Return every line from the one with "Grote foto vidaxl" through the one with "Vネック ブラウン ニット 0", inclusive, exactly as it appears below.

*** Material provided ***

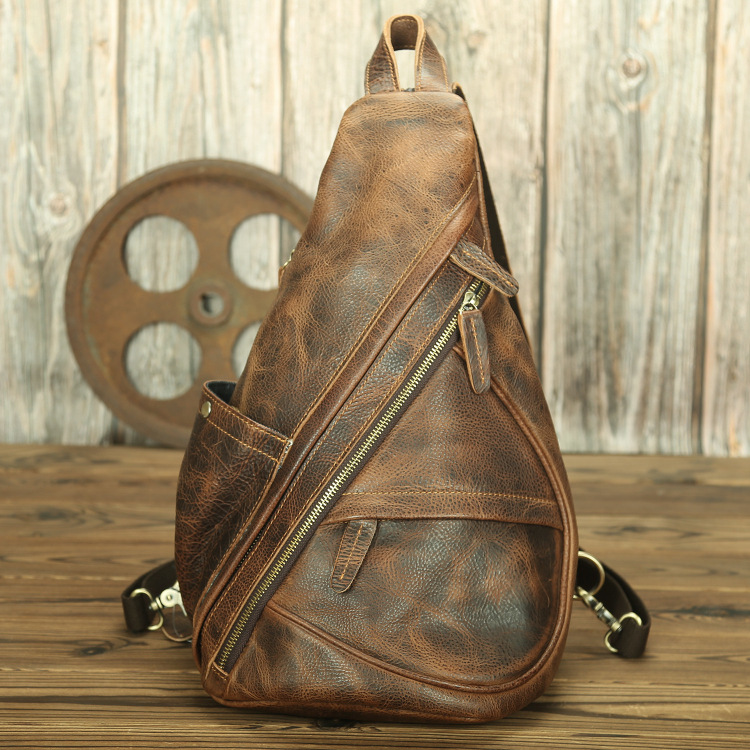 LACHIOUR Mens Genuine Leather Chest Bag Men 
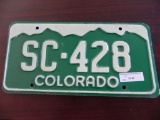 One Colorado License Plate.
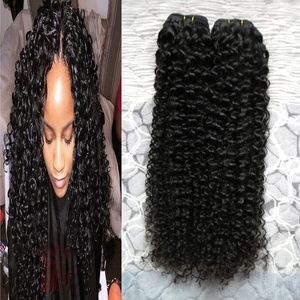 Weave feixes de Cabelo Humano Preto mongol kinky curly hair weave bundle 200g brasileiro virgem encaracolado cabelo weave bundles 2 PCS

*** End of Material provided ***
*** Material provided ***

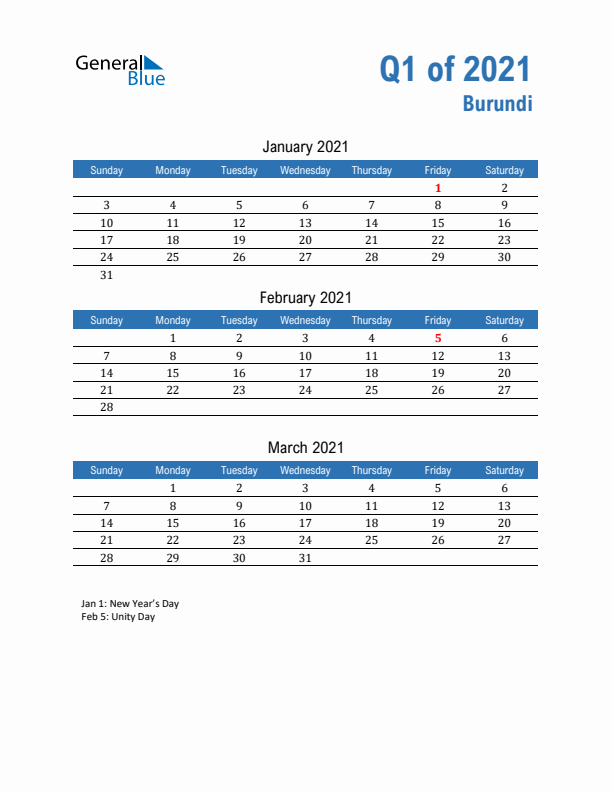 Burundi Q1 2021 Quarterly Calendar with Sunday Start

*** End of Material provided ***
*** Material provided ***

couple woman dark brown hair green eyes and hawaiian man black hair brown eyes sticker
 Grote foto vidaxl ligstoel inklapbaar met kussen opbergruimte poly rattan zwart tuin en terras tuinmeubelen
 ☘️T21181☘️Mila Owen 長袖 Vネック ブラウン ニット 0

*** End of Material provided ***

### Task output
 Grote foto vidaxl ligstoel inklapbaar met kussen opbergruimte poly rattan zwart tuin en terras tuinmeubelen
 ☘️T21181☘️Mila Owen 長袖 Vネック ブラウン ニット 0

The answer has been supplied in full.